#### Source records:
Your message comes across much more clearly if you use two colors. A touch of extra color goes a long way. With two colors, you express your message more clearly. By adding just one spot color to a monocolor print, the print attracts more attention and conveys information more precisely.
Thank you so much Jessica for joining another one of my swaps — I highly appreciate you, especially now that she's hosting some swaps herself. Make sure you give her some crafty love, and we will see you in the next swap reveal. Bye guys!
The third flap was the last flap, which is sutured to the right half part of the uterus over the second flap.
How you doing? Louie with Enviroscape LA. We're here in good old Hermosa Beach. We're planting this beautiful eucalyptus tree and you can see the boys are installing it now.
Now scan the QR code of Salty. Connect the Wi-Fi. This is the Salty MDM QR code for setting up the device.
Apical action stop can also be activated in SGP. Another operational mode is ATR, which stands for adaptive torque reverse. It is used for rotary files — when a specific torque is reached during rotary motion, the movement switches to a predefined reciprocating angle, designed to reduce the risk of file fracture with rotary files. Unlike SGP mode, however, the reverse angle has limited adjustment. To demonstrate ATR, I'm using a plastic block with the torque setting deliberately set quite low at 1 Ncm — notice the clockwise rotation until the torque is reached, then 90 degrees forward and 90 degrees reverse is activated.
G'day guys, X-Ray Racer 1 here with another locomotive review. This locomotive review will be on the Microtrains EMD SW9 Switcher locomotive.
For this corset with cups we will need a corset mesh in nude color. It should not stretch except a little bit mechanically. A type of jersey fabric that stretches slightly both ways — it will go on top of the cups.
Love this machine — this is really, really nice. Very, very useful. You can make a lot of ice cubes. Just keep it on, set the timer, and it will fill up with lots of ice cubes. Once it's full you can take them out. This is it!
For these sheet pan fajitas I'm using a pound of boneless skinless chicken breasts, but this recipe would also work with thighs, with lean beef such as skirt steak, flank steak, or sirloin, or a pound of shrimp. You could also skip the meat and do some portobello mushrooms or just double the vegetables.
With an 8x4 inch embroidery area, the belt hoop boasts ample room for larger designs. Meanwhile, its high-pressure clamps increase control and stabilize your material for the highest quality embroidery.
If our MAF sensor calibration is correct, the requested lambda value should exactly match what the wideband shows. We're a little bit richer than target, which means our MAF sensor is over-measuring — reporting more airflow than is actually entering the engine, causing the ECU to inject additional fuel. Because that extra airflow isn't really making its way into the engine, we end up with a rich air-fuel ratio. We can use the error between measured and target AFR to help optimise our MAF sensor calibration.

#### Work order:
Repeat the material in full, exactly as written.

#### Answer box:
Your message comes across much more clearly if you use two colors. A touch of extra color goes a long way. With two colors, you express your message more clearly. By adding just one spot color to a monocolor print, the print attracts more attention and conveys information more precisely.
Thank you so much Jessica for joining another one of my swaps — I highly appreciate you, especially now that she's hosting some swaps herself. Make sure you give her some crafty love, and we will see you in the next swap reveal. Bye guys!
The third flap was the last flap, which is sutured to the right half part of the uterus over the second flap.
How you doing? Louie with Enviroscape LA. We're here in good old Hermosa Beach. We're planting this beautiful eucalyptus tree and you can see the boys are installing it now.
Now scan the QR code of Salty. Connect the Wi-Fi. This is the Salty MDM QR code for setting up the device.
Apical action stop can also be activated in SGP. Another operational mode is ATR, which stands for adaptive torque reverse. It is used for rotary files — when a specific torque is reached during rotary motion, the movement switches to a predefined reciprocating angle, designed to reduce the risk of file fracture with rotary files. Unlike SGP mode, however, the reverse angle has limited adjustment. To demonstrate ATR, I'm using a plastic block with the torque setting deliberately set quite low at 1 Ncm — notice the clockwise rotation until the torque is reached, then 90 degrees forward and 90 degrees reverse is activated.
G'day guys, X-Ray Racer 1 here with another locomotive review. This locomotive review will be on the Microtrains EMD SW9 Switcher locomotive.
For this corset with cups we will need a corset mesh in nude color. It should not stretch except a little bit mechanically. A type of jersey fabric that stretches slightly both ways — it will go on top of the cups.
Love this machine — this is really, really nice. Very, very useful. You can make a lot of ice cubes. Just keep it on, set the timer, and it will fill up with lots of ice cubes. Once it's full you can take them out. This is it!
For these sheet pan fajitas I'm using a pound of boneless skinless chicken breasts, but this recipe would also work with thighs, with lean beef such as skirt steak, flank steak, or sirloin, or a pound of shrimp. You could also skip the meat and do some portobello mushrooms or just double the vegetables.
With an 8x4 inch embroidery area, the belt hoop boasts ample room for larger designs. Meanwhile, its high-pressure clamps increase control and stabilize your material for the highest quality embroidery.
If our MAF sensor calibration is correct, the requested lambda value should exactly match what the wideband shows. We're a little bit richer than target, which means our MAF sensor is over-measuring — reporting more airflow than is actually entering the engine, causing the ECU to inject additional fuel. Because that extra airflow isn't really making its way into the engine, we end up with a rich air-fuel ratio. We can use the error between measured and target AFR to help optimise our MAF sensor calibration.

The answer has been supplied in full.